September 12, 2013 | 2 min read

Two free public seminars on Australia’s Banned Books are taking place to shed light on Australia's censorship processes in recent history.

Naughty, naughty.

Popular fiction titles Love Me Sailor, Road Floozie and Crimes of Passion are among those seized by Customs officers and banned.

"Even books that today are loved as literary classics, by writers such as Aldous Huxley, George Orwell, DH Lawrence and Honoré de Balzac were also deemed as unsuitable for Australian minds from the 1930s to the 1970s – because they were considered blasphemous, indecent or obscene,'” said Mairi Popplewell, from the National Archives in Brisbane.

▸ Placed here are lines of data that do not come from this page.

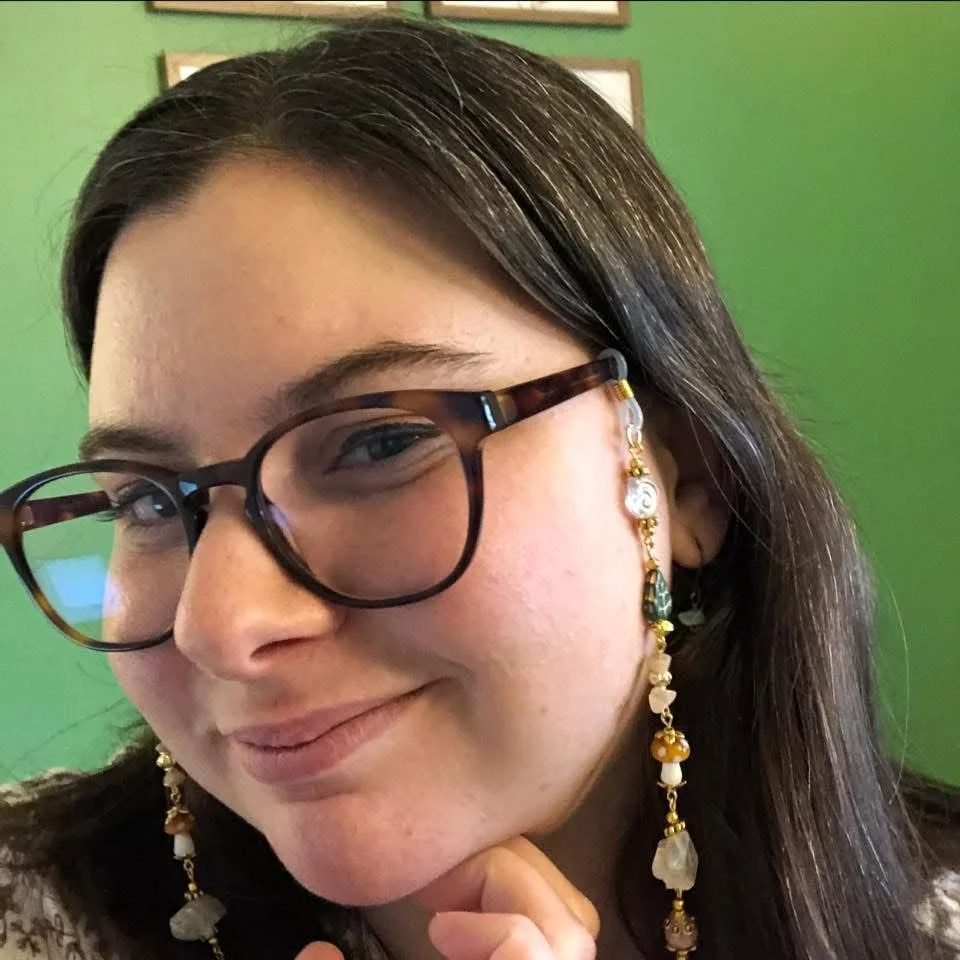 Close-up of a woman with glasses and long dark hair, smiling with her hand under her chin, in front of a green wall with framed pictures.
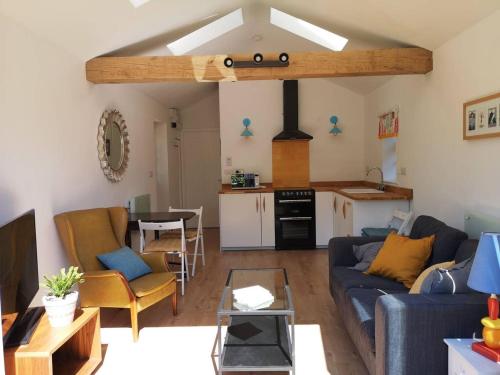 a living room with a blue couch and a kitchen at The Bird House at Woodburn Cottage in Dedham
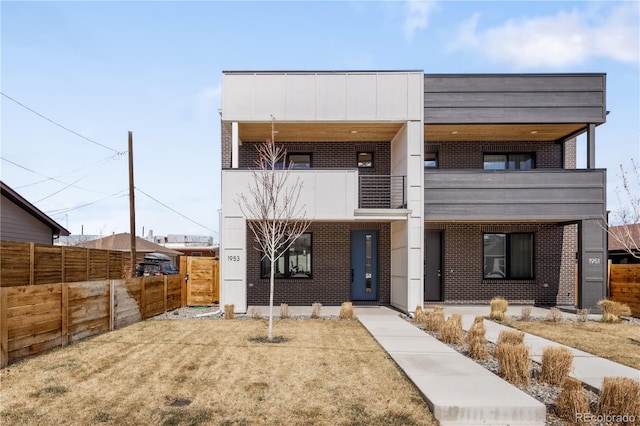 1953 W 47th Ave, Denver, CO 80211 - modern home featuring brick siding, fence, and a balcony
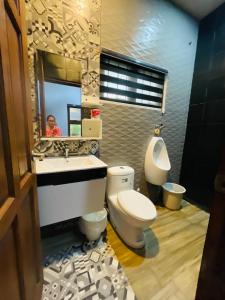 卢塞纳Sto Niño Residences Lucena City的一间带卫生间、水槽和镜子的浴室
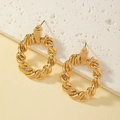 Dettaglio di orecchini a cerchio intrecciati dorati con texture a spirale su pietra bianca - Oro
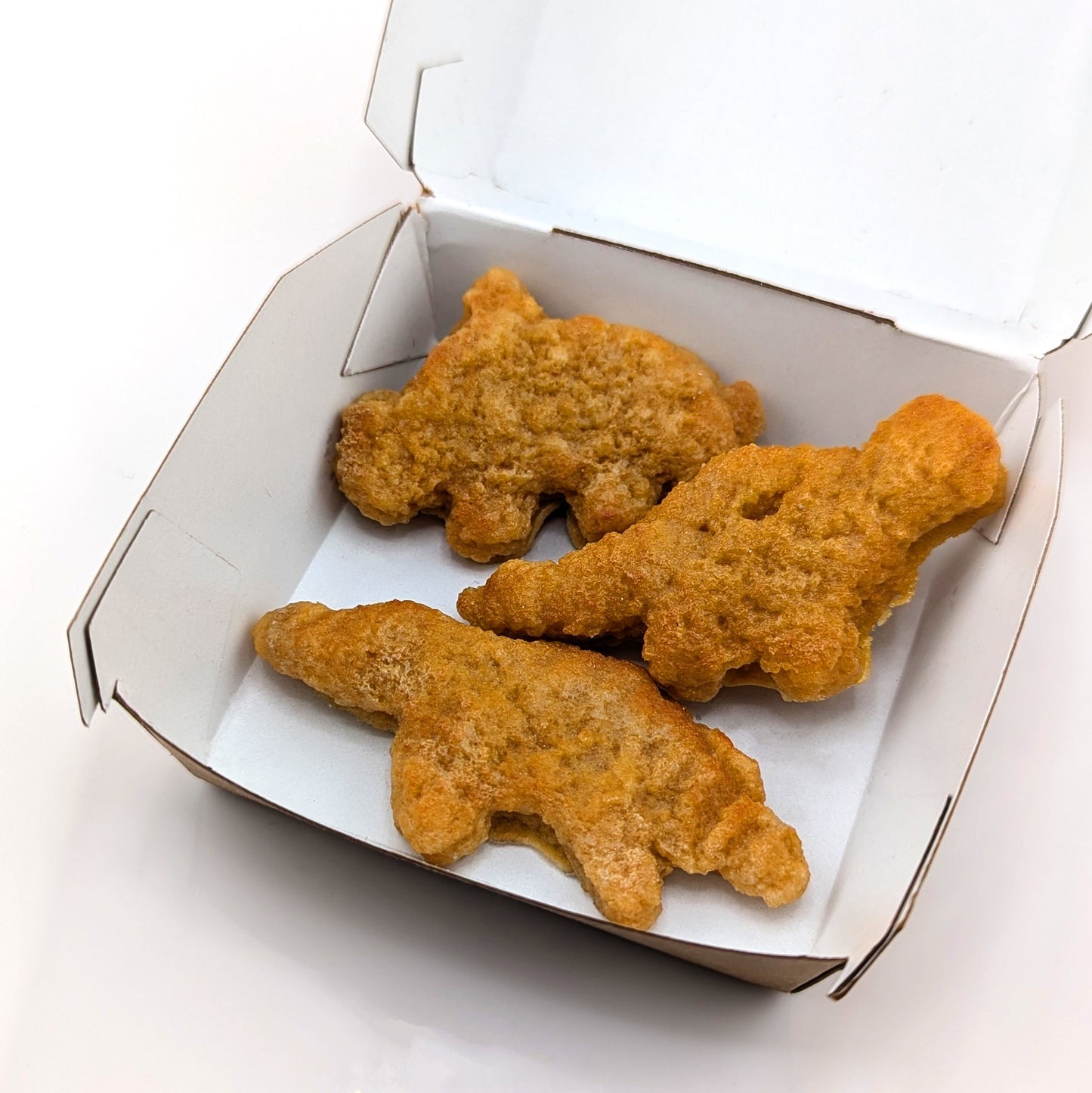 Eriko Kobayashi
Dino Nugget, 2024
Glass Sculpture Set
Dimensions Vary (Approx 70 x 30 x 10 mm, 59 x 37 x 10 mm, 66 x 30 x 11 mm)

From Eriko Kobayashi's Hyper-Realistic Glass Food Series. Meal Deal (set) includes 3 individual glass dino nugget sculptures.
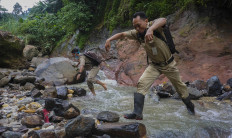 SMP 4 Bawang principal Mulud Sugito and teacher Wiyata Bhakti cross a river to reach their students’ houses. JP/Harviyan Perdana Putra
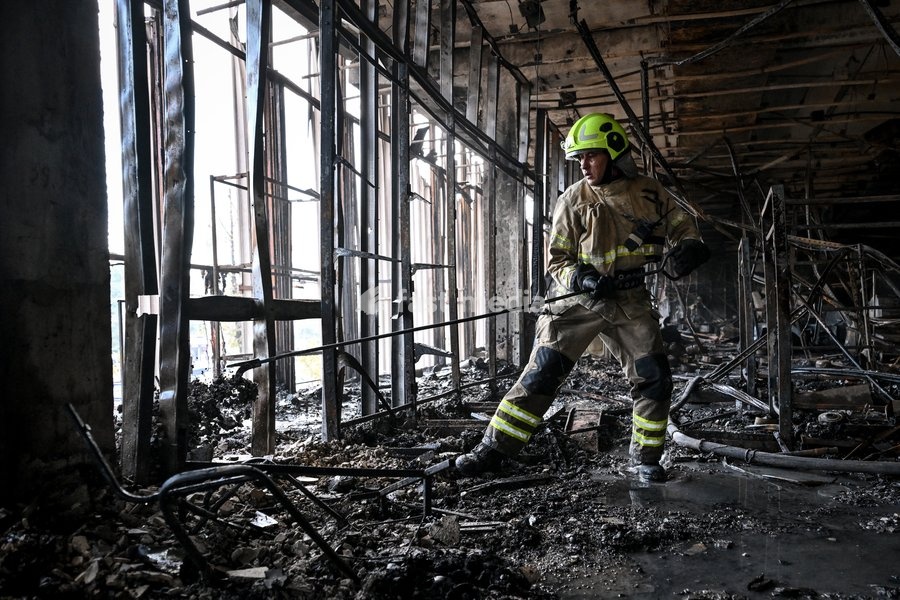 A State Emergency Service rescuer searches for hotspots during a response effort in the Intrade shopping centre, which burned down following a Russian drone attack, Zaporizhzhia, Ukraine, September 21, 2026. Overnight, Russian forces struck the city with strike UAVs and an FPV drone. The attack…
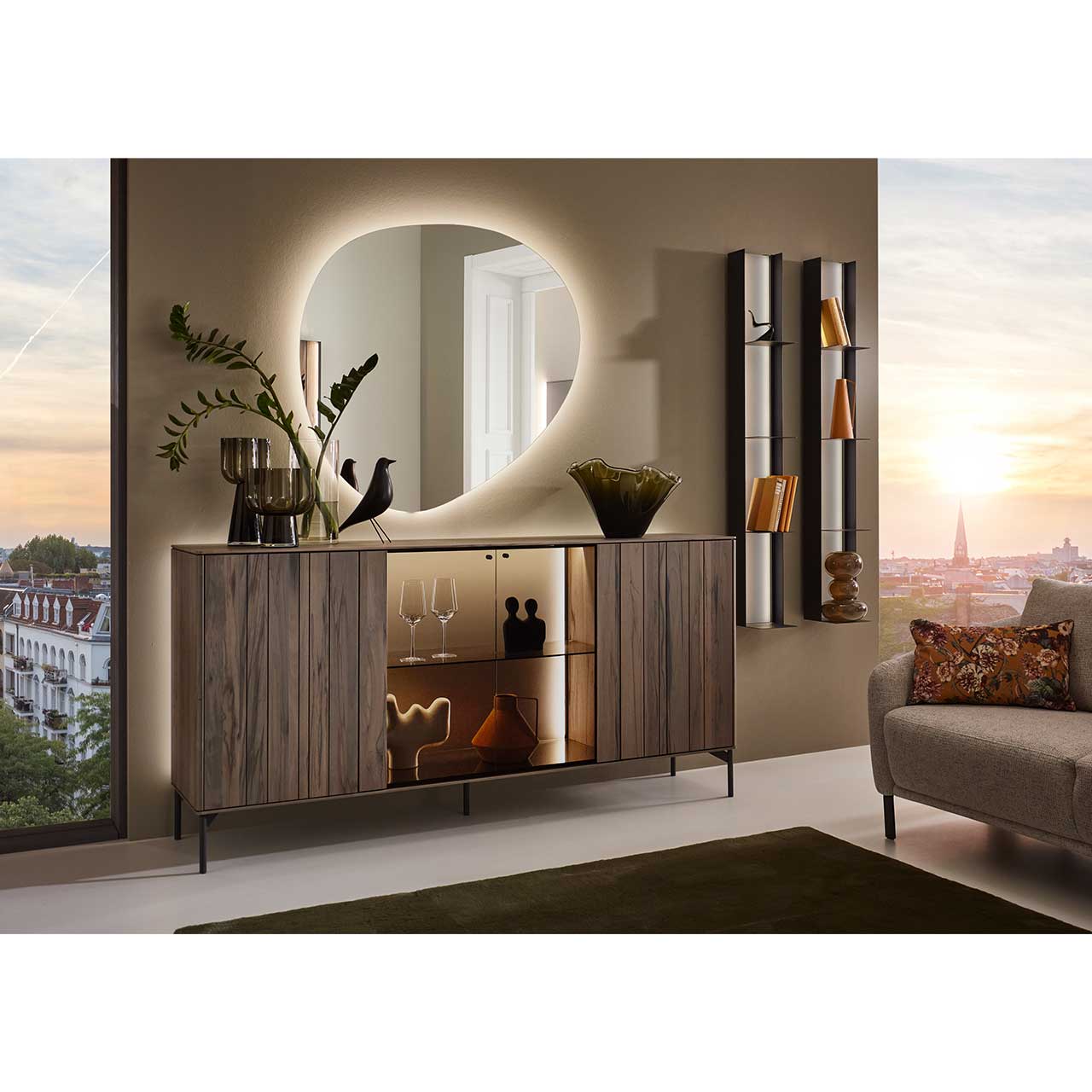 Wohnwand mit modernem Sideboard aus dunkelbrauner Altholzbuche Uyaa mit edler Holzmaserung, mittig mit Glasausschnitt und Glasboden vor beleuchteter Rückwand in Lack Sand - auf Metallfüßen. Darüber ein asymmetrischer Spiegel, rechts zwei Metallregale.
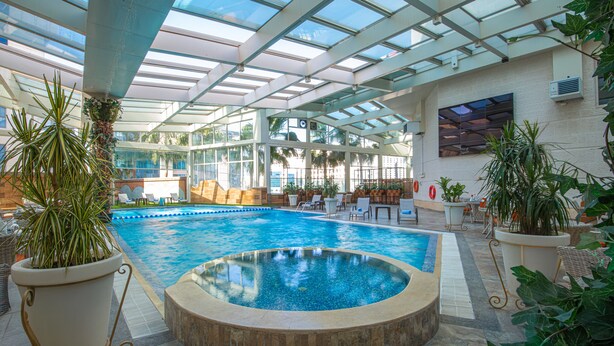 An indoor swimming pool with a glass ceiling, surrounded by potted plants and lounge chairs. - Bristol Hotel (Amman)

“Robert Close, the author of Love Me Sailor, was even prosecuted on the charge of 'obscene libel' and sent to prison in 1948. On his release he left Australia vowing never to return. His book was later published in France and became an international bestseller. Love Me Sailor was eventually cleared in 1960, and described by the appeal censor LH Allen as 'a remarkable achievement in the literature of the sea',” the Government said in a statement announcing the exhibition.

“The Catcher in the Rye by JD Salinger was banned by the Minister for Customs in 1957, without being referred to the Literature Censorship Board. It caused national embarrassment when a copy was later found in the Parliamentary Library,” it added.

'Modern readers are sometimes unable to understand why certain books were ever banned,' said Popplewell.

The seminars take place on Wednesday 18 and Saturday 21 September.